The Applicant was represented in the hearing before the Board and he had no
right to present oral arguments in addition to those made on his behalf. I am
satisfied that the Board committed no error in refusing to allow the Applicant
to make his personal submissions.
[65]
I
turn now to the substantive issues raised in this proceeding. Did the Board
commit a reviewable error in refusing to award the Applicant a pension for the
conditions complained of, that is internal derangement of the right knee and
varicose veins in the right knee. The Board stated that it preferred the
evidence of the expert whom it had engaged over the evidence tendered by Dr.
Wiltshire and Dr. St. Arnaud, on behalf of the Applicant.
[66]
The
Applicant’s pension application was made pursuant to the Pension Act. Section 2
of that Act sets out the guiding principle for the interpretation and
application of that statute as follows:
2. The provisions of this Act shall be liberally construed and interpreted to the end that the recognized obligation of the people and Government of Canada to provide compensation to those members of the forces who have been disabled or have died as a result of military service, and to their dependants, may be fulfilled. |
2. Les dispositions de la présente loi s’interprètent d’une façon libérale afin de donner effet à l’obligation reconnue du peuple canadien et du gouvernement du Canada d’indemniser les membres des forces qui sont devenus invalides ou sont décédés par suite de leur service militaire, ainsi que les personnes à leur charge. |
[67]
A
similar provision is found in section 3 of the VRAB Act, as follows:
3. The provisions of this Act and of any other Act of Parliament or of any regulations made under this or any other Act of Parliament conferring or imposing jurisdiction, powers, duties or functions on the Board shall be liberally construed and interpreted to the end that the recognized obligation of the people and Government of Canada to those who have served their country so well and to their dependants may be fulfilled. |
3. Les dispositions de la présente loi et de toute autre loi fédérale, ainsi que de leurs règlements, qui établissent la compétence du Tribunal ou lui confèrent des pouvoirs et fonctions doivent s’interpréter de façon large, compte tenu des obligations que le peuple et le gouvernement du Canada reconnaissent avoir à l’égard de ceux qui ont si bien servi leur pays et des personnes à leur charge. |
[68]
According
to the decision in MacKay v.
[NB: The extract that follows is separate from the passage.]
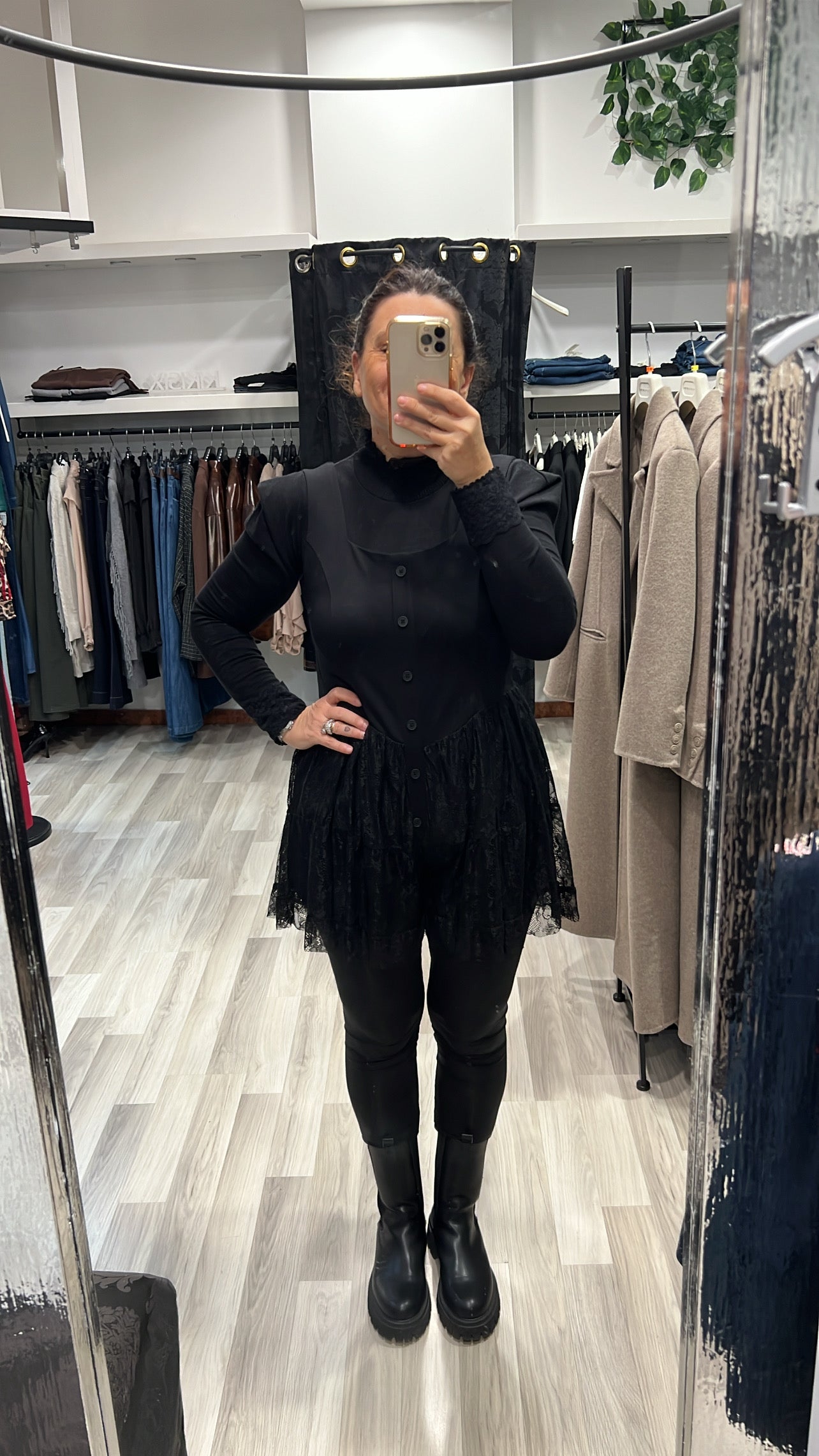 Tuta corta you decide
Canada (Attorney
General)
(1997), 129 F.T.R. 286, section 3 and section 39 of the VRAB are to inform the
Board in its assessment of the evidence submitted to it. Section 39 provides as
follows:
39. In all proceedings under this Act, the Board shall (a) draw from all the circumstances of the case and all the evidence presented to it every reasonable inference in favour of the applicant or appellant; (b) accept any uncontradicted evidence presented to it by the applicant or appellant that it considers to be credible in the circumstances; and (c) resolve in favour of the applicant or appellant any doubt, in the weighing of evidence, as to whether the applicant or appellant has established a case. |
39. Le Tribunal applique, à l’égard du demandeur ou de l’appelant, les règles suivantes en matière de preuve : a) il tire des circonstances et des éléments de preuve qui lui sont présentés les conclusions les plus favorables possible à celui-ci; b) il accepte tout élément de preuve non contredit que lui présente celui-ci et qui lui semble vraisemblable en l’occurrence; c) il tranche en sa faveur toute incertitude quant au bien-fondé de la demande.
|
[69] Sections 3 and 39 of the VRAB Act have been interpreted as requiring an applicant to present sufficient credible evidence to establish a causal link between the injury or disease and that person’s period of service. In that regard, I refer to the decisions in Hall v. Canada (Attorney
General) (1998), 152
F.T.R. 58, aff’d. (1999), 250 N.R. 93 (Fed. C.A.) and Tonner
v. Canada (Minister of
Veterans Affairs) (1995), 94 F.T.R. 146, aff’d. [1996] F.C.J. No.
825 (F.C.A.).
[70]
In
my opinion, the Board erred in accepting the evidence of Dr. Stanish over that
of Dr. Wiltshire because in so doing, it ignored the language and intent of
section 39 of the VRAB Act. That section requires that any doubt arising from
credible evidence is to be resolved in favour of an applicant.
[71]
The
evidentiary presumption set forth in section 39 is subject to an applicant’s
burden to show causation. In this case, Dr. Stanish and frequently the Board
commented on the lack of evidence in the medical records to substantiate the
Applicant’s claim that his problems with the right knee arose from an injury
sustained in 1968 in a football game when he was a cadet at RMC. Dr. Stanish did
not comment on the cause of the loss nor its effect upon the making of his
opinion. Whatever the consequences of his silence in that regard, there was
evidence before the Board, submitted by the Applicant, that the records for the
period May to November 1986 were missing. He tendered evidence respecting his
efforts to retrieve the records, by submitting requests pursuant to relevant
legislation for access to the personal information. He obtained statements from
fellow cadets. He submitted the best evidence available to establish causation.
[72]
Dr.
Stanish provided an opinion upon the basis of his review of available records.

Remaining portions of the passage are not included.